SAMs are great for shooting down big bombers, and planes like F14, 15, 16, 18, etc. But an A10 at 30' AGL is not an easy target for a SAM to even see, much less target lock, and shooting it down is difficult. A faster fighter has a good chance of getting shot down by an A10 also, because they don't do so well when the fight becomes low and slow. Different aircraft for different missions, the A10 is basically in a league of its own, and so superior in many ways, even all these years later. An A10 pilot is not going to mix it up with a few fighters at 30,000', they are going to get them to come down to 30' and dodging hills and terrain. Slow that fast fighter down to 150 knots and it is utterly useless, and has to accelerate and start to climb. The A10 turns and points the nose up and shoots down said fighter with ' THE GUN' as its known as. My Dad was born in the USA and is ex military, he always said that nothing else would he rather fly on this earth if he had to fly fixed wing, instead of rotary.
Wow, when have you EVER seen an A-10 30 feet off the ground other than passing through on approach or takeoff? My house is 30' tall. Maybe a wingtip dips to 30' sometimes, but I'd have to see it to believe they spend much more than a few seconds at that altitude. Heck, its own bombs would frag it at that altitude.
Look, I love the A10. It has its place in the kind of combat we've done in the last few decades. Yes, its gun is INCREDIBLE. But its day has passed for front-line service in a near-peer conflict in the highest threat environments. It just can't cut it there until air superiority is established and maintained.
The P-51 is sleek, fast, and has six awesome .50 caliber machine guns. I will be in awe and drool over that thing all day, but it doesn't belong in today's battlespace.
The A10 is loved because it makes a highly visible mess of insurgents who are trying to kill our troops. So the troops love it. And we've had so many troops see or even hear of stories of the A10 doing just that over the last 30 years that it makes it hard to kill. Especially when there are vets in Congress that have such fond experiences with it.
So politics has extended its life. If I'm an Army General, I'd rather have more F-35's supporting my troops, which are designed more to drop bombs than to be a fighter. But it looks more like a fighter, so people think it can't do the CAS mission. It can. And I'd bet it can do it better than any other platform in a near-peer conflict in a high AAA/SAM environment. It can drop guided SBD's right down the hatch of the threat, from a distance where the troops wouldn't see it, and so it would miss out on some of the glory. But I'd rather the pilot and plane stay safe to fight another day than to come down where I can see it just to make me feel better, to do the same job.

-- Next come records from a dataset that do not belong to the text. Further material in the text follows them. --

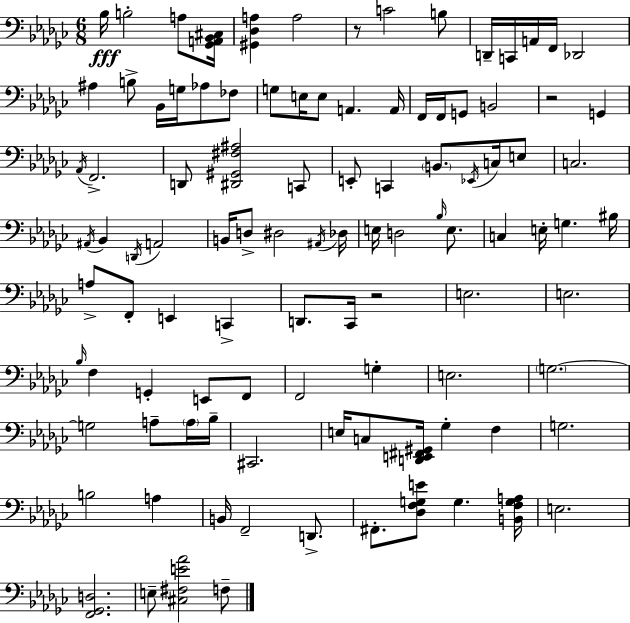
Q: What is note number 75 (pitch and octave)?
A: A3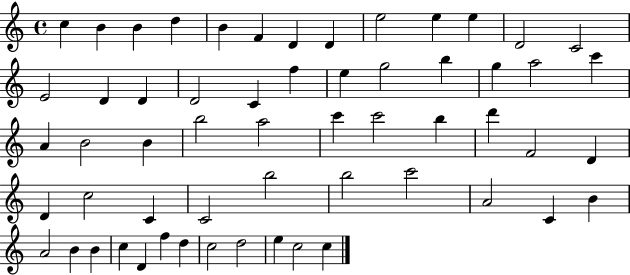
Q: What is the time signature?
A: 4/4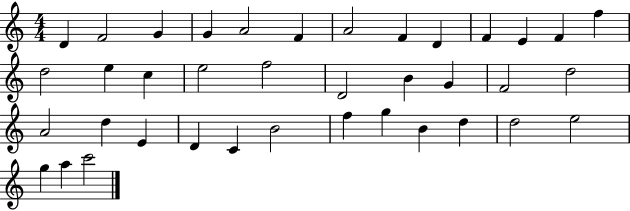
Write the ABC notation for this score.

X:1
T:Untitled
M:4/4
L:1/4
K:C
D F2 G G A2 F A2 F D F E F f d2 e c e2 f2 D2 B G F2 d2 A2 d E D C B2 f g B d d2 e2 g a c'2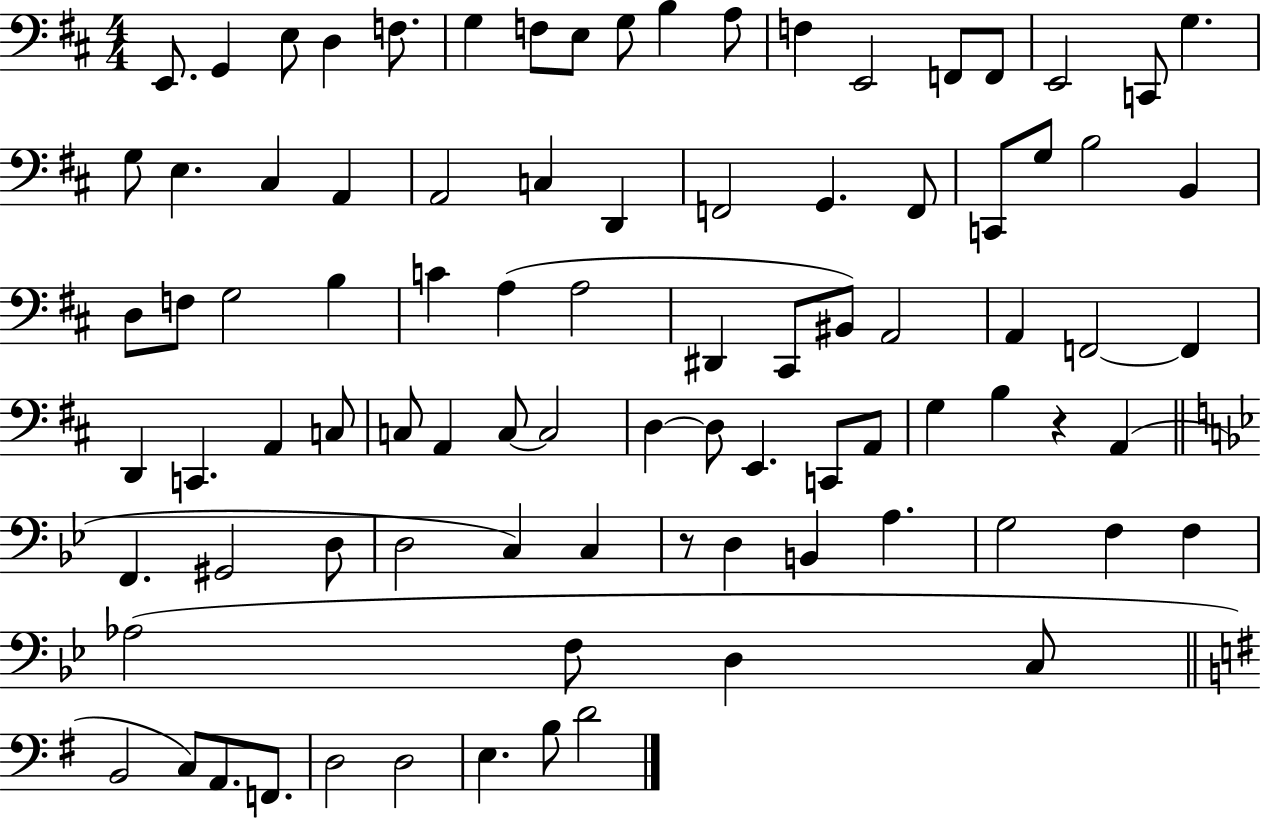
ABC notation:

I'll add this, from reading Astro's posts, and others, yes, the A10 would have tremendous support around it from other aircraft. But that's the problem with it. An A10 is going to need a lot more other airplanes involved to successfully fly a mission in a high threat environment than an F-35. Lots more. All of a sudden the very expensive F-35 has a cost advantage, and not just in terms of dollars. In terms of manpower and resources, too.
It would be neat to get a former A-10 pilot in here who now flys the F-35. Bet he or she would not trade the new ride for the old one, any day, in any conflict.